12th & DELAWARE (Heidi Ewing & Rachel Grady, 2010)
IFC Center
323 Sixth Ave. at Third St.
Tuesday, November 16, $16, 8:00
212-924-7771
www.ifccenter.com
www.hbo.com/documentaries
Heidi Ewing and Rachel Grady, who have teamed up for such documentaries as THE BOYS OF BARAKA (2005), the Oscar-nominated JESUS CAMP (2006), and one segment of FREAKONOMICS (2010), spent a year on the rather indistinct corner of 12th St. & Delaware Ave. in the small community of Fort Pierce, Florida, where an intense battle is waging. On one side of the street sits an abortion clinic, while on the other side is the prolife Pregnancy Care Center. Ewing and Grady are able to get the primarily young, poor pregnant women considering abortion to open up and share their stories as they face one of the most difficult decisions anybody will ever have to make. The women are met by a constant handful of protesters outside the abortion clinic, who try to get them to change their mind and go across the street. Several of the women go to the Pregnancy Care Center by accident, believing it to be the abortion clinic — which is precisely why the center set up shop there — where they are not told of their mistake and are offered money and clothing to not go through with the termination of their pregnancies. They become pawns in a religious and moral battle that Ewing and Grady show can be as infuriating as it is heartbreaking, although the filmmakers do an excellent job of remaining neutral, not casting judgment. Interestingly, while the workers at the prolife center have a lot to say on the issue, the people at the abortion clinic are far more cautious and reserved, with the owner-doctor never being seen on camera but only pulling up in his car (perhaps at least partly for safety reasons, as Kansas abortion doctor George Tiller was murdered during the time the film was being made). This special screening of 12th & DELAWARE, which will be followed by a Q&A with Ewing and Grady, is part of the fourteenth season of IFC’s Stranger than Fiction series, which continues November 23 with Maximilian Schell’s MARLENE (1984) and November 30 with John-Keith Wasson’s SURVIVING HITLER: A LOVE STORY (2010).

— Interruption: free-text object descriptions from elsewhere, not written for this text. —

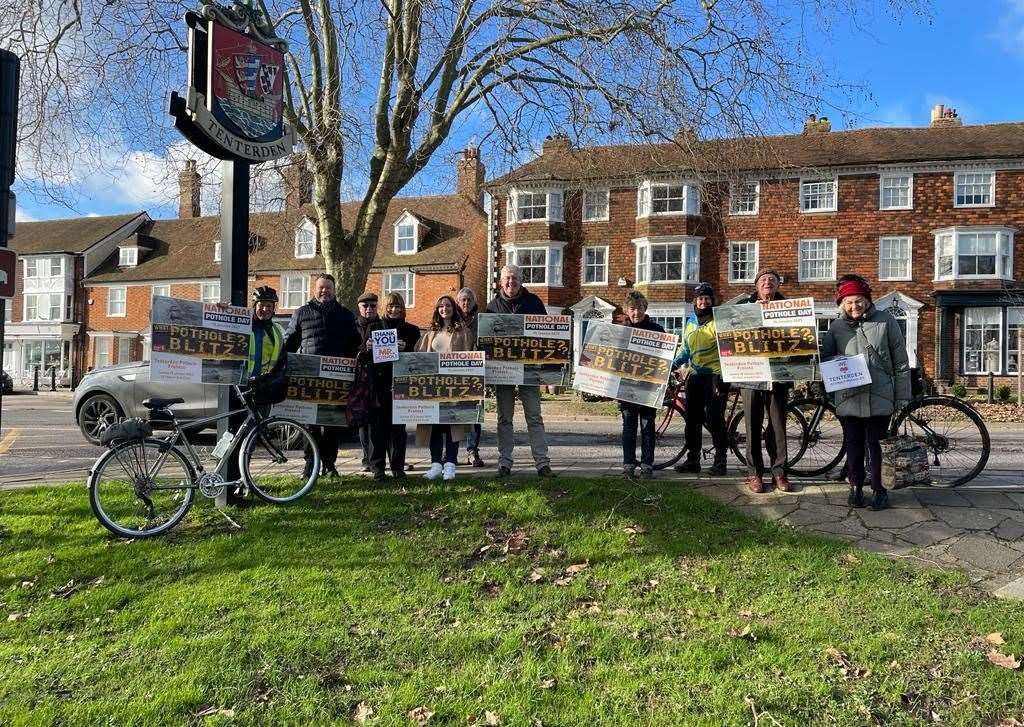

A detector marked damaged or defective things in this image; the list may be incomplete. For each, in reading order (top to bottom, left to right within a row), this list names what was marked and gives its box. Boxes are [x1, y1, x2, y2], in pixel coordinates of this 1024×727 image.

pothole blitz sign [150, 296, 250, 386]
pothole blitz sign [272, 354, 356, 426]
pothole blitz sign [392, 352, 488, 426]
pothole blitz sign [476, 316, 572, 390]
pothole blitz sign [576, 320, 680, 406]
pothole blitz sign [716, 298, 820, 384]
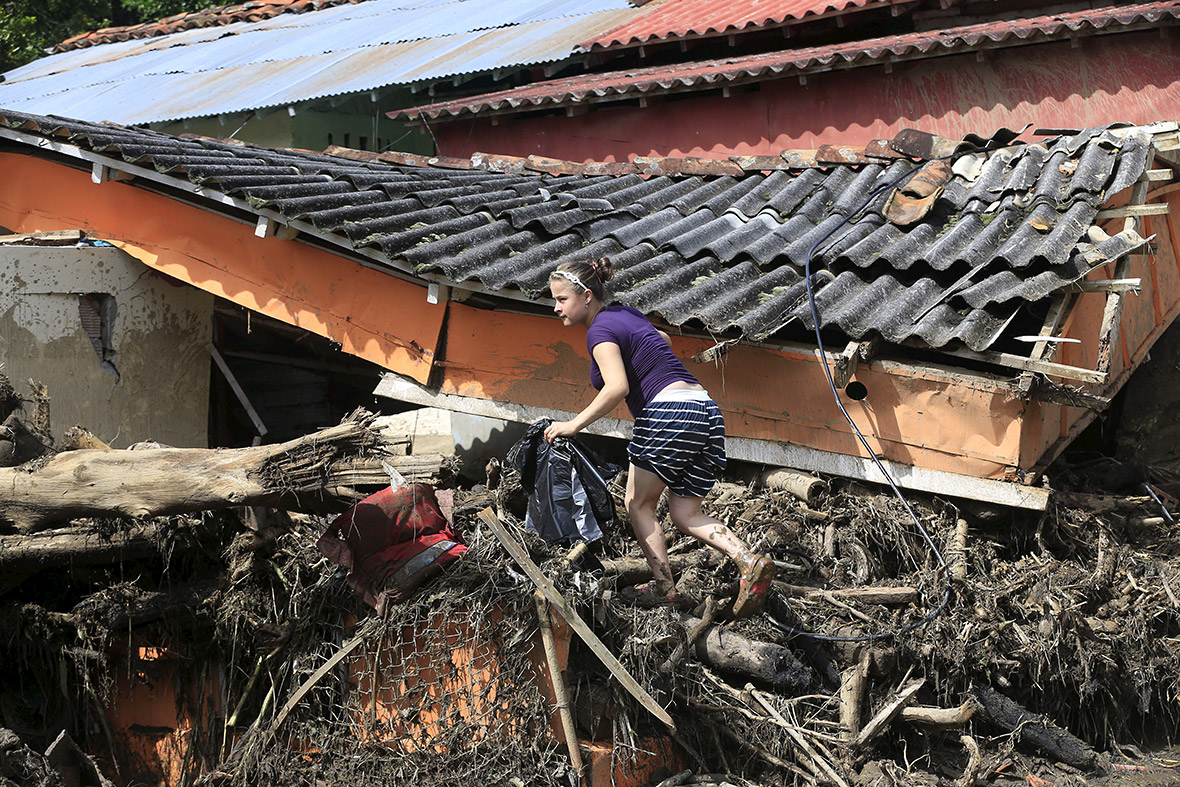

In Akira Kurosawa’s sort-of sequel to YOJIMBO based on Shūgorō Yamamoto’s short story “Peaceful Days,” Toshirō Mifune returns as Tsubaki Sanjuro, a rogue samurai who shows up in a small town looking for food and fast money and takes up with a rag-tag group of wimps who don’t trust him when he says he will help them against the powerful ruling gang. Also back is Tatsuya Nakadai, this time as his accomplice Hanbei. Funnier than most Kurosawa samurai epics, the film is unfortunately brought down a notch by a bizarre soundtrack that ranges from melodramatic claptrap to a jazzy big-city score. The film is being screened at BAMcinématek as part of the series Kurosawa’s Samurai, which concludes November 21 with the King Lear epic RAN.

Screening at Film Forum in a new 35mm print in honor of its thirtieth anniversary, Jean-Luc Godard’s EVERY MAN FOR HIMSELF marked a return to a somewhat more accessible narrative for the Nouvelle Vague auteur, although that does not mean it is by any means a traditional story or that it follows mainstream conventions. Arranged in four sections — the Imaginary (Slow Motion), Fear (Run for Your Life), Commerce (Trade), and Music — the film focuses on a smarmy, unlikable cigar-smoking video director, unironically named Paul Godard (Jacques Dutronc), who fights with his ex-wife (Paule Muret), wonders why he can’t touch his eleven-year-old daughter (Cécile Tanner) in rather sensitive areas, has driven away his bicycle-riding girlfriend, Denise Rimbaud (Nathalie Baye), and pays for a visit from Isabelle (Isabelle Huppert), a prostitute who recites lines from Charles Bukowski in her head while plying her trade and seeking her independence. Godard frames many of the images like paintings, coming alive with bright, bold colors. Nearly all of the interior scenes are filmed in long takes with no camera movement or cross-cutting (with two notable exceptions), while other scenes are filled with slow-motion shots, forcing viewers to question what they are seeing. Meanwhile, snippets of Gabriel Yared’s score and incidental music are often heard by only some of the characters, who wonder where the sounds are coming from. Godard infuses the film with various thoughts on Marxism, feminism, capitalism, pedophilia, incest, and violence against women; in one unforgettable scene, a businessman arranges a ridiculously funny Rube Goldberg-like foursome, acting like a film director, mocking Jean-Luc Godard’s own profession. Thirty years down the road, EVERY MAN FOR HIMSELF, also known as SLOW MOTION and, in French, SAUVE QUI PEUT (LA VIE), feels as relevant, as challenging, and as entertaining as ever. (Note: Film critic and Godard biographer Richard Brody will introduce the 8:20 screening on November 19.)